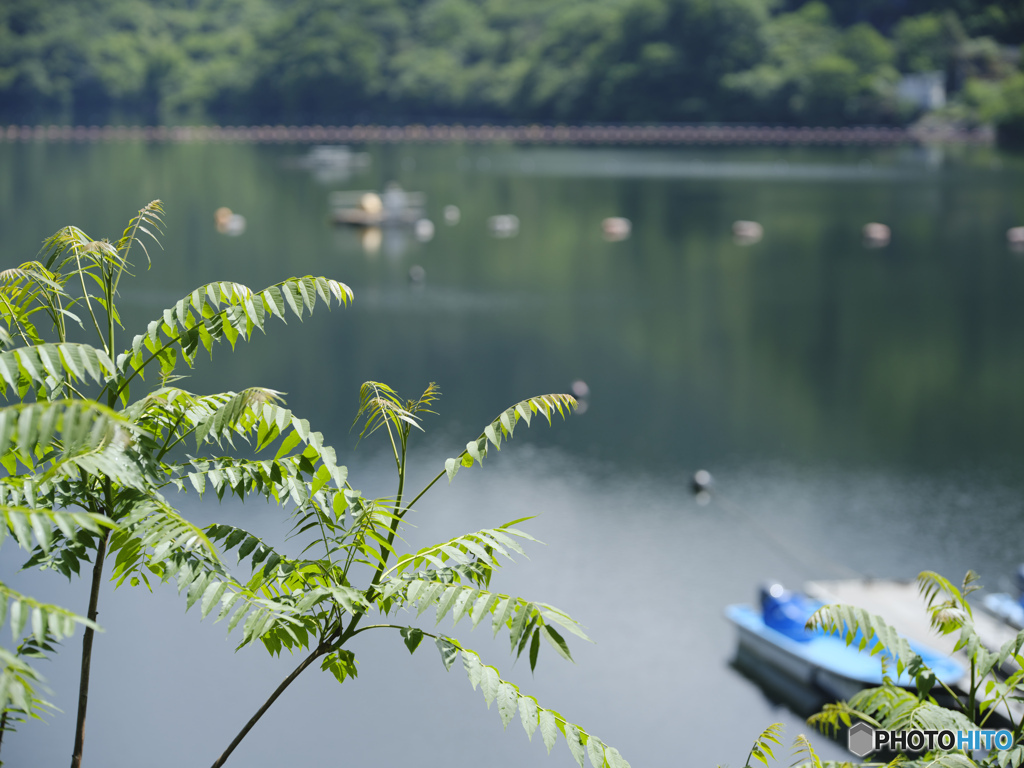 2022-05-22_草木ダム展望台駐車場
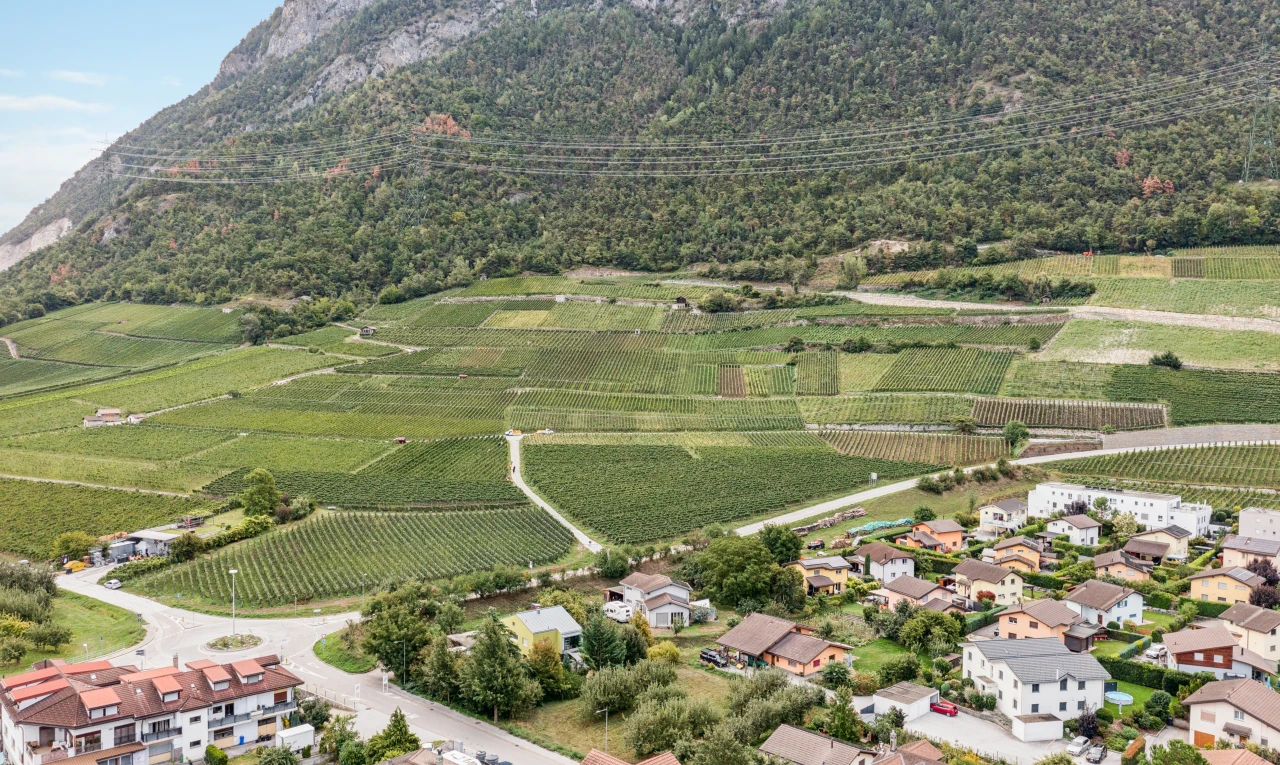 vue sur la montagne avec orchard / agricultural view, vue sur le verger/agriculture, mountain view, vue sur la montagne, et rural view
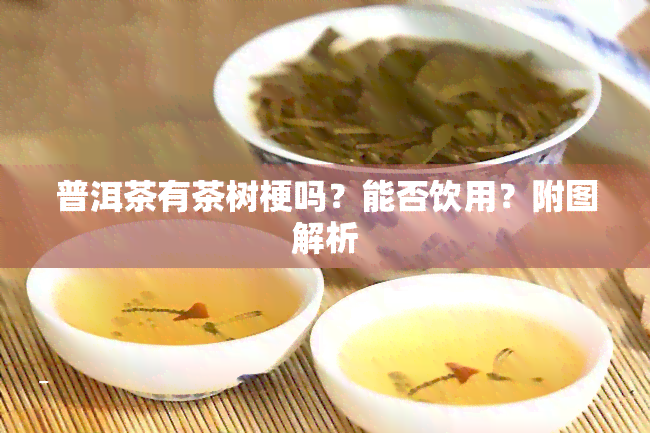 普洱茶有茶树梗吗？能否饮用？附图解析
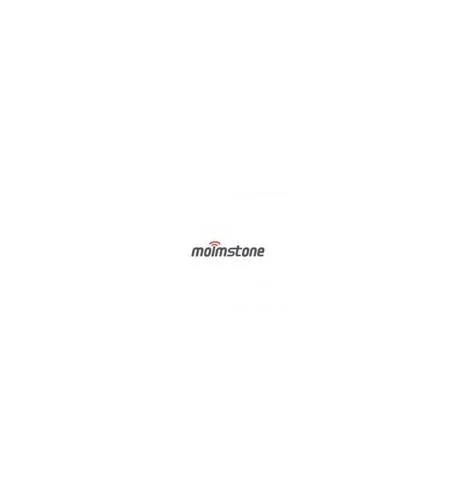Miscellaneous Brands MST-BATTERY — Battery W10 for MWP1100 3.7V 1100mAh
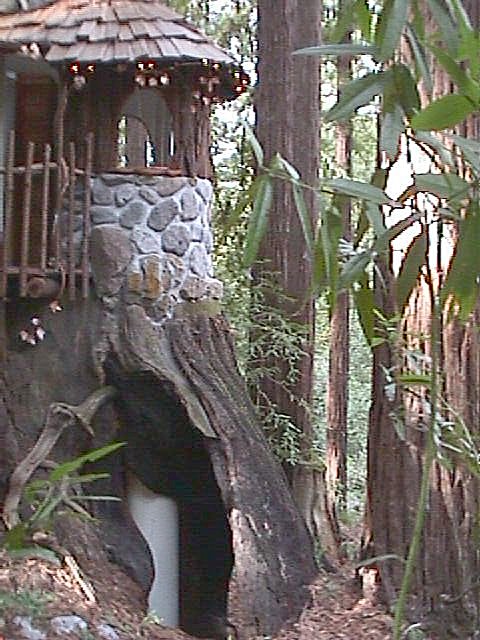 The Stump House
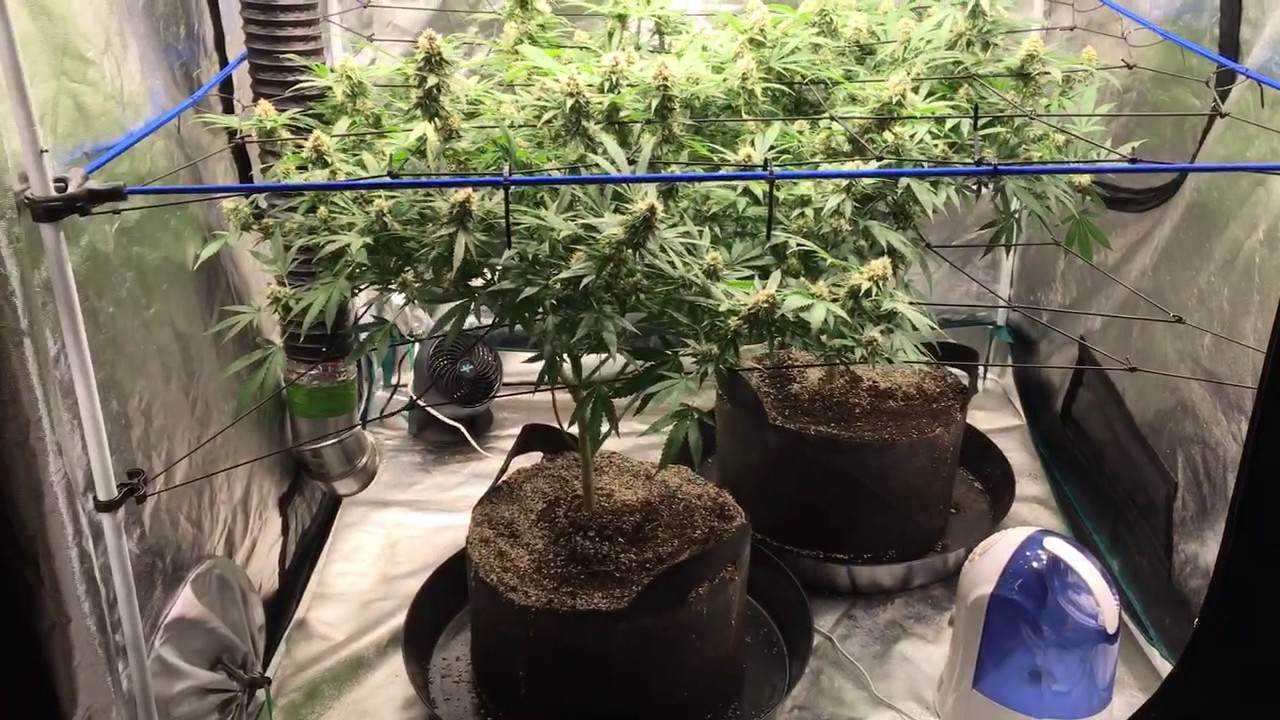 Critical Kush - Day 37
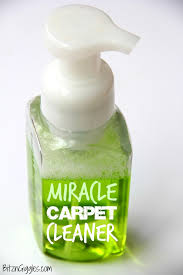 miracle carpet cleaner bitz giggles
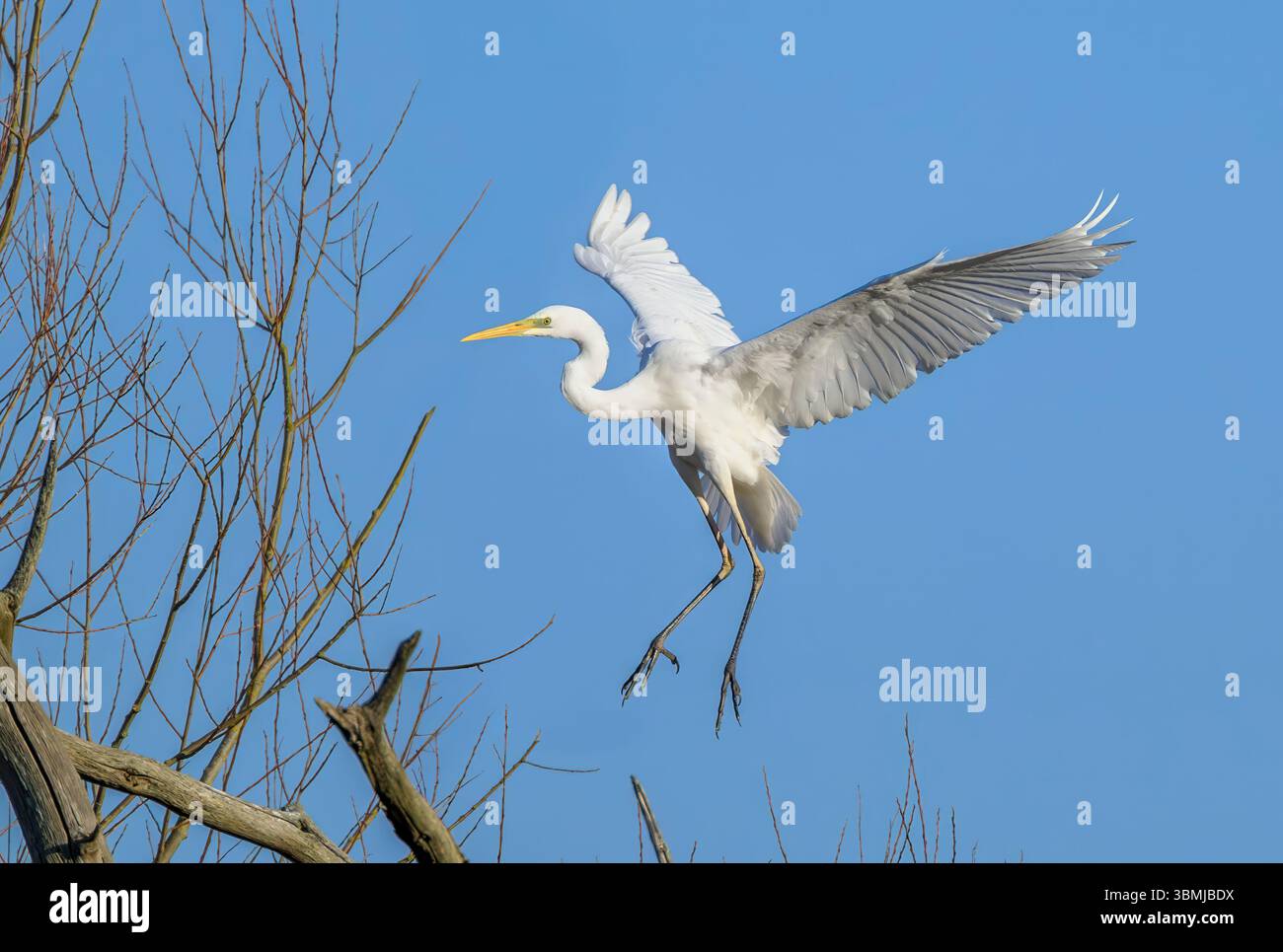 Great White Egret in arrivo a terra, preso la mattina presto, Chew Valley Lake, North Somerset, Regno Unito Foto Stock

### Task objective:
Every line above is to be given again exactly, apart from the pictures.

### The answer:
 2022-05-22_草木ダム展望台駐車場
 vue sur la montagne avec orchard / agricultural view, vue sur le verger/agriculture, mountain view, vue sur la montagne, et rural view
 普洱茶有茶树梗吗？能否饮用？附图解析
Miscellaneous Brands MST-BATTERY — Battery W10 for MWP1100 3.7V 1100mAh
 The Stump House
 Critical Kush - Day 37
 miracle carpet cleaner bitz giggles
 Great White Egret in arrivo a terra, preso la mattina presto, Chew Valley Lake, North Somerset, Regno Unito Foto Stock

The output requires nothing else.